EXERCISE INSTRUCTIONS
The expected response is an exact repetition of every record, with images excluded.

RECORDS FOR THIS EXERCISE
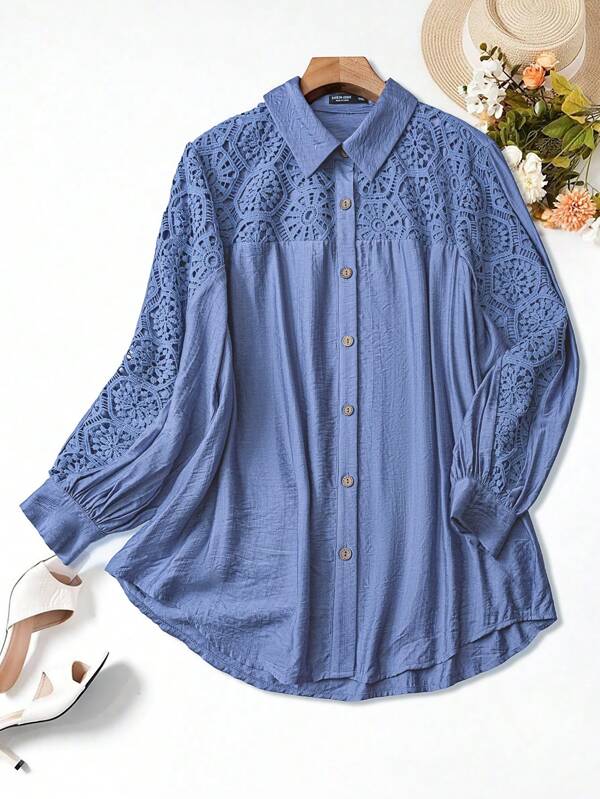 Al Najma Plus Size Women's Solid Color Lace Splice Arabic Style Top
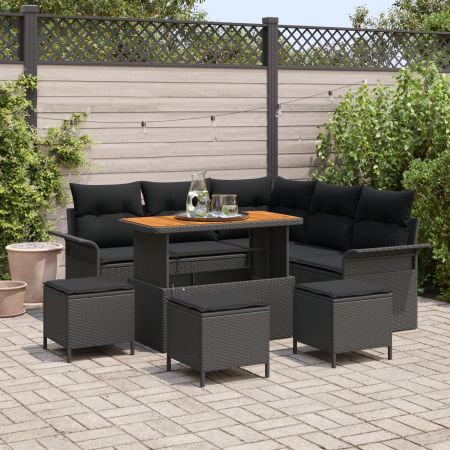 Juego de Sofá de Jardín de 9 Piezas con Cojines Negro Poliratán Acacia von , Outdoor-Sofas - Ref: Foro24-3364089, Preis: 609,...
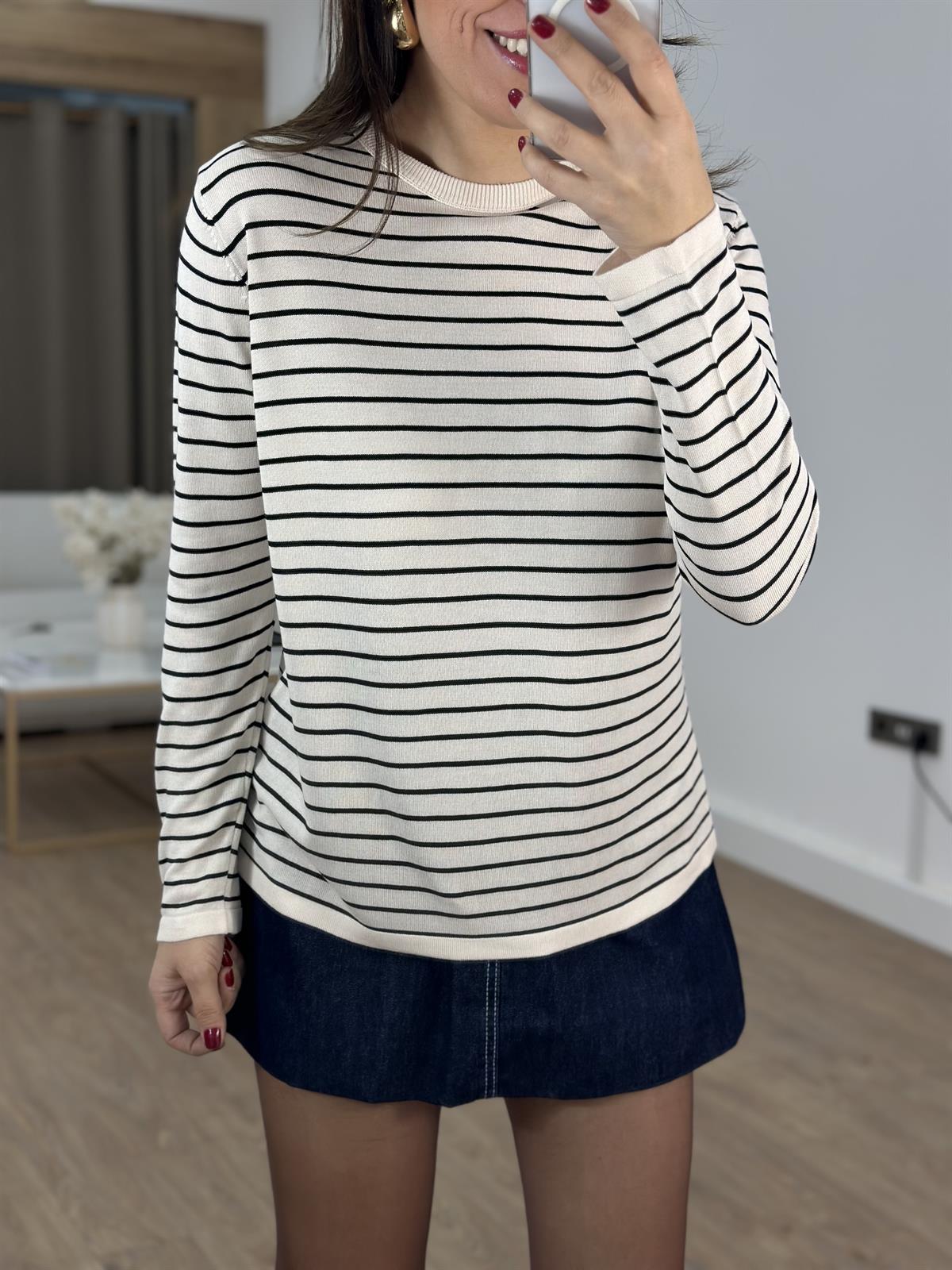 Orijinal Marka Çizgili Triko - Ekru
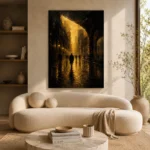 Rainlit City Arcade Black & Gold Wall Art Canvas Print - Image 9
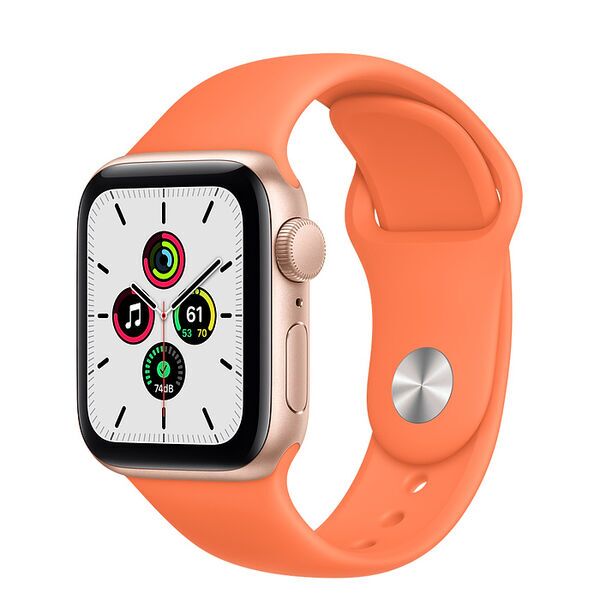 Apple Watch SE Aluminium 40 mm (2020) | WiFi + Cellular | guld | Sportarmband Kumquat M/L 1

COMPLETED EXERCISE
 Al Najma Plus Size Women's Solid Color Lace Splice Arabic Style Top
 Juego de Sofá de Jardín de 9 Piezas con Cojines Negro Poliratán Acacia von , Outdoor-Sofas - Ref: Foro24-3364089, Preis: 609,...
 Orijinal Marka Çizgili Triko - Ekru
 Rainlit City Arcade Black & Gold Wall Art Canvas Print - Image 9
 Apple Watch SE Aluminium 40 mm (2020) | WiFi + Cellular | guld | Sportarmband Kumquat M/L 1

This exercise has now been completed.